The Adenta Police have arrested a policeman and two others for defrauding a businessman of $1,000,000. Lance Corporal Seth Dzamasi, 34, who perpetrates his fraudulent activities with the pseudo names, John Boadu or Seth Terpkeh, was attached to the Striking Force Unit of the Ghana Police Service.
He was arrested with two suspected accomplices, Amankwa Osei Tutu aka Wilberforce Nimako, 27, and Jeffrey Kofi Boakye aka George Kwabena Menta or George Yeboah, 27. Three other accomplices, who were mentioned by the suspects but currently at large, are Nana Mensah, John Amoah and one Asante.
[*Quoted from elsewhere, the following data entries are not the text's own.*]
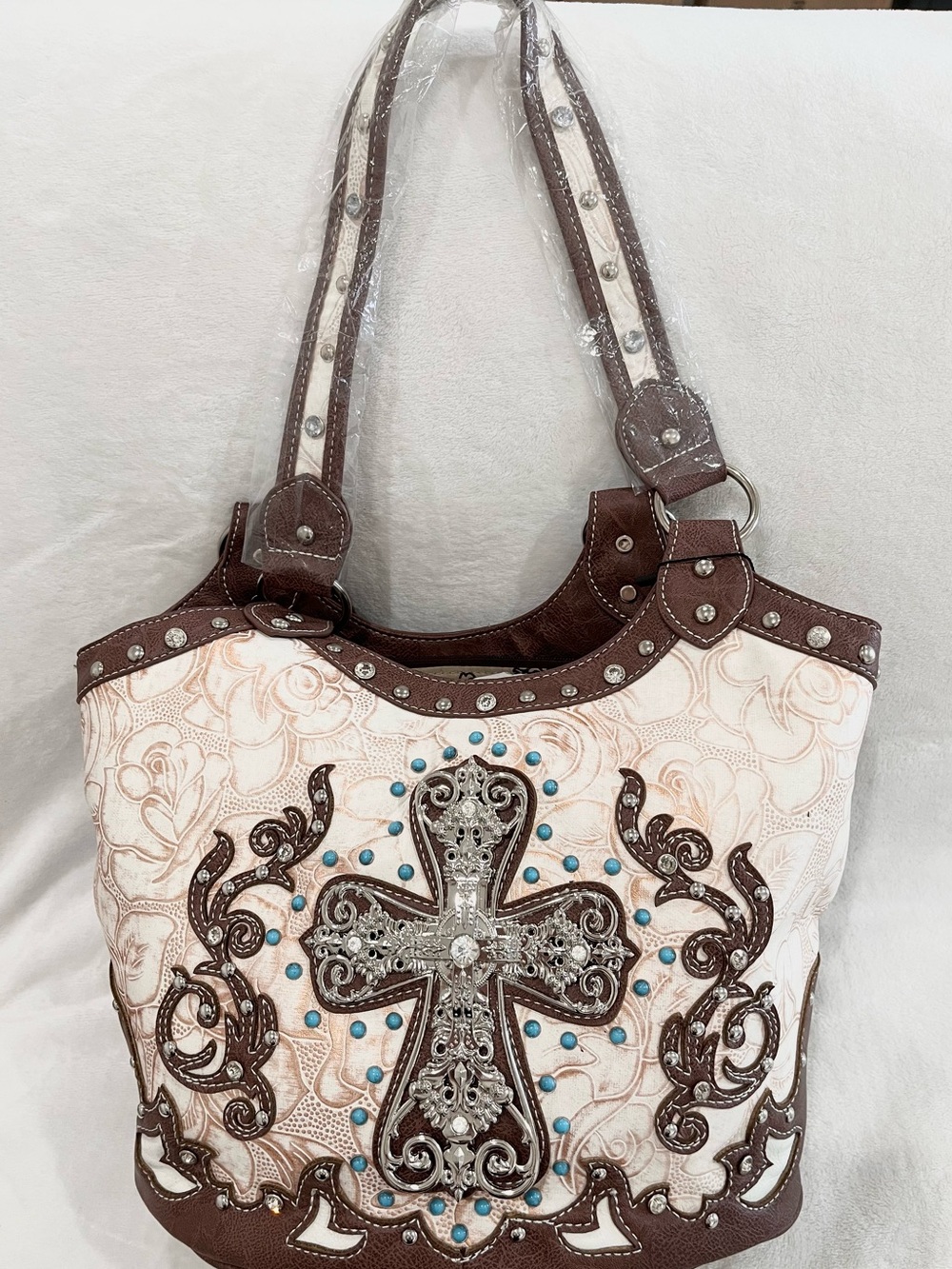 Cowgirl Trendy XL Western White & Tan Rhinestone Cross Handbag NWT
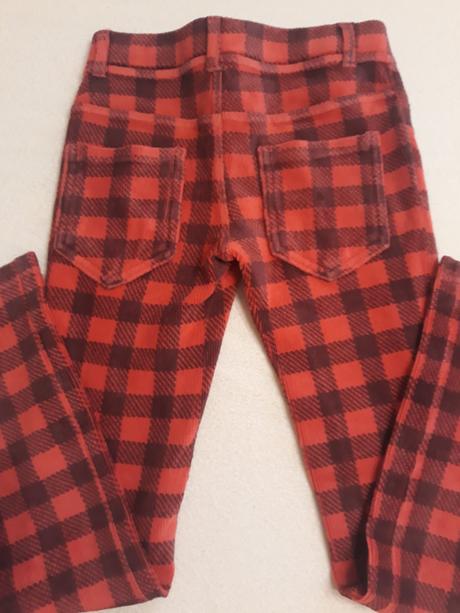 Leginy na sposob nohavic, benetton,134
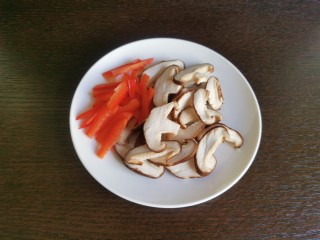 蒜苔炒牛肉,把红椒和香菇切好备用。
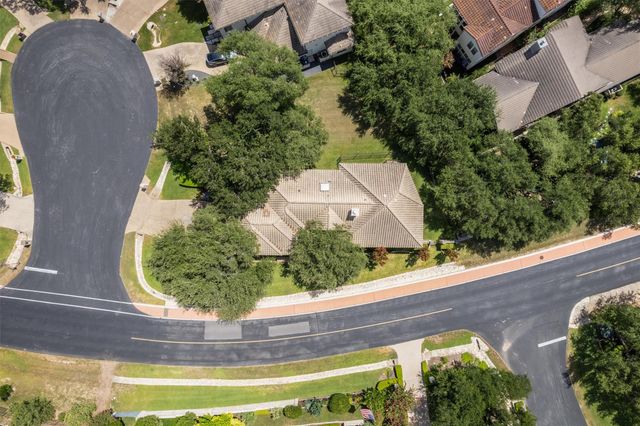 2 Jasperwood CT, Austin, TX 78738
Efforts are being made by the police to apprehend the runaway suspects. The policeman used part of the money to buy himself a brand new Range Rover. Briefing the journalists yesterday, DSP Stephen Ahiatafu, Adenta District Police Commander, said the suspects were arrested on Thursday October 24, 2013 at La Palm Royal Hotel, where they attempted to defraud another businessman.
The victim in the case is a Ghanaian businessman domiciled in Florida, United States of America. According to the victim, he saw the suspects’ webpage on the internet with the name Two Sons Investment Limited, dealers in gold, and therefore, contacted them for the supply of raw gold. In May, 2013, the victim travelled from Florida to Ghana to meet the directors of the advertised company for a business proposal on behalf of his company, Kimbeley Investment, based in Florida.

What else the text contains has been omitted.